Compared with the currently reported automated experimental platforms29,30,37,38,41,42,43, we designed the “Prep and Load” (PAL, model: DHR) system as the platform for automatic nanoparticle synthesis (Fig. 1b). The PAL DHR system featured two Z-axis robotic arms, two Agitators, a centrifuge module, a fast wash module, a UV-vis module, two tray holders, a solution module, and two parking stations for pipettes. The Z-axis robotic arms performed liquid extraction or addition operations by moving tools between the parking station, tray holder, and solution module. They also transferred reaction bottles to the Agitator (12 reaction sites) for mixing and then moved liquid products to the UV-vis module for characterization. The centrifuge module, with a maximum RCF of 2600 × g, separated precipitates from 10 mL and 20 mL vials. The fast wash module efficiently cleaned the injection needle on the tool. The modules’ details are in Supplementary Fig. S1. Our platform offers two significant advantages. First, all the modules are lightweight and detachable, enabling us to load various modules into the X-axis arm for different experimental tasks, such as vortex and ultrasound. Due to its ease of disassembly and assembly, the platform can be effortlessly transferred and utilized in diverse laboratories. Second, all our equipment is commercially accessible, ensuring the consistency of experimental procedures and mitigating the risk of experiments being unreproducible due to inconsistent operations on different automated experimental platforms. It is worth highlighting that users can easily edit the platform’s automation script (mth file). Because instructions for each hardware module are fixed, users only need to modify the name of the targeted object and adjust the order of instructions to customize the script according to their specific requirements. This user-friendly approach enables efficient editing without any programming prerequisites.

Literature mining module

Extracting valuable knowledge from a broad spectrum of chemical literature is a primary task for researchers.

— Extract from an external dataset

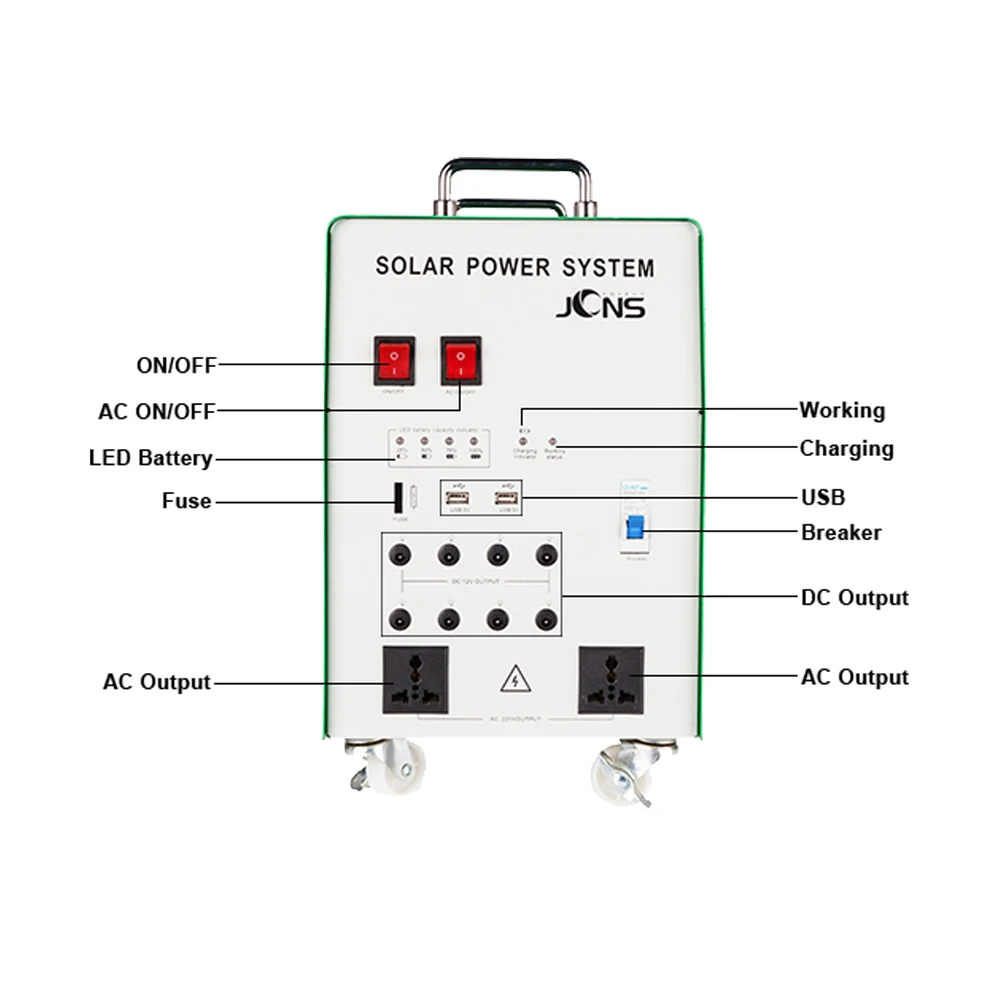 300w 500w 1000w 1500w complete set solar panel kit solar energy system with battery and dc port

The advancement of large language models (LLMs) in AI has significantly improved the rapid extraction of relevant knowledge from extensive chemical literature44,45,46. This progress is particularly beneficial for developing automated laboratories. Consequently, we planned to integrate LLMs into our automated experimental systems to extract synthesis methods and parameters for nanomaterials. The literature mining module included two sub-modules: the summary module and the query module (Fig. 2a). Our literature database was sourced from the Web of Science, where we crawled over 400 papers under the keyword Au nanoparticles.

Fig. 2: Literature mining module and characterization of Au nanobipyramids (Au NBPs).
figure 2

a Workflow of the literature mining module for nanoparticle synthesis. The module is divided into two sub-modules: the summary and query modules. The summary module systematically extracts and processes information from chemical literature through steps that include paper compression, parsing, index construction, and querying. Meanwhile, the query module identifies relevant experimental details and outputs the reagents and operational sequences using a similar approach encompassing paper localization, parsing, index construction, and querying. b UV-vis spectra of Au NBPs samples synthesized with optimal parameters. c TEM images of Au NBPs samples synthesized with optimal parameters. (scale bar = 200 nm). d Longitudinal length statistics of optimal Au NBPs samples. e Radial length statistics of optimal Au NBPs samples.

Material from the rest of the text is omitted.